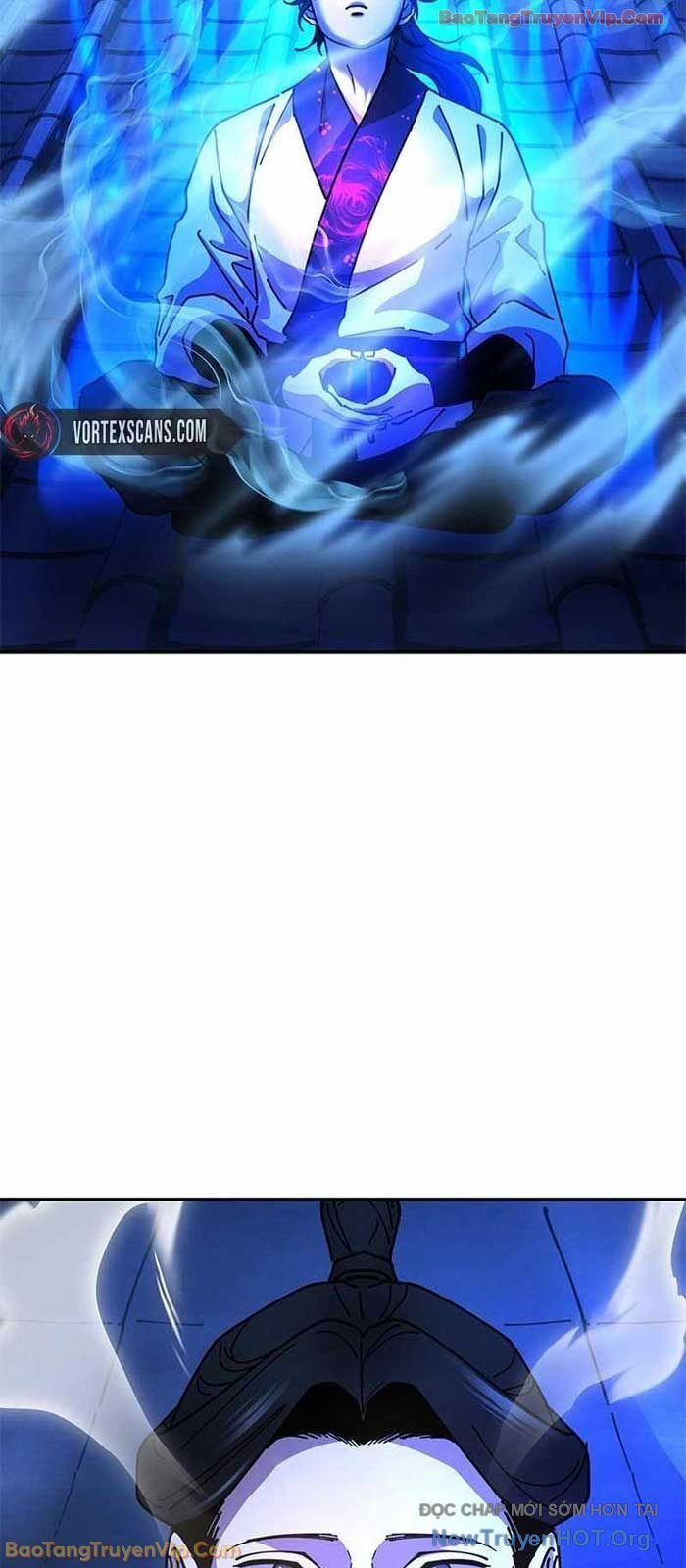 Vĩ Nhân Kiếm Chapter 14 - 114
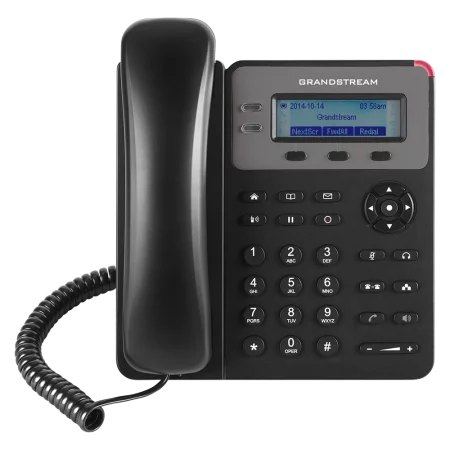 GXP1610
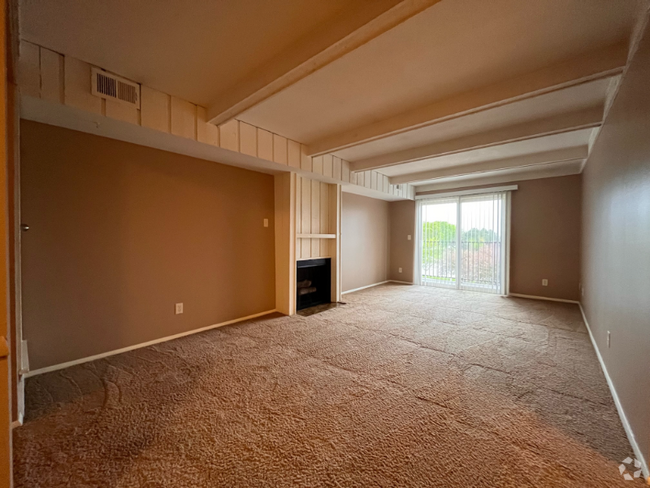 Building Photo - 7110 Van Dorn St Unit 88 Rental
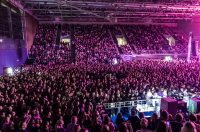 Bijelo puce 31_10_2025 Bijelo puce 31_10_2025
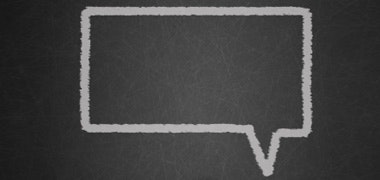 1660604296461 Cg1209controltalk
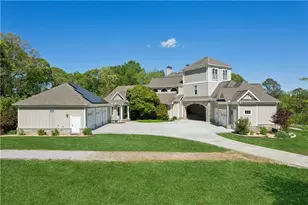 6349 J F Jay Rd, Gainesville, GA 30506 - Photo 4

· · ·

Output the lines above in full and exactly. Leave out every picture.

◆ Response box:
 Vĩ Nhân Kiếm Chapter 14 - 114
 GXP1610
 Building Photo - 7110 Van Dorn St Unit 88 Rental
 Bijelo puce 31_10_2025 Bijelo puce 31_10_2025
 1660604296461 Cg1209controltalk
 6349 J F Jay Rd, Gainesville, GA 30506 - Photo 4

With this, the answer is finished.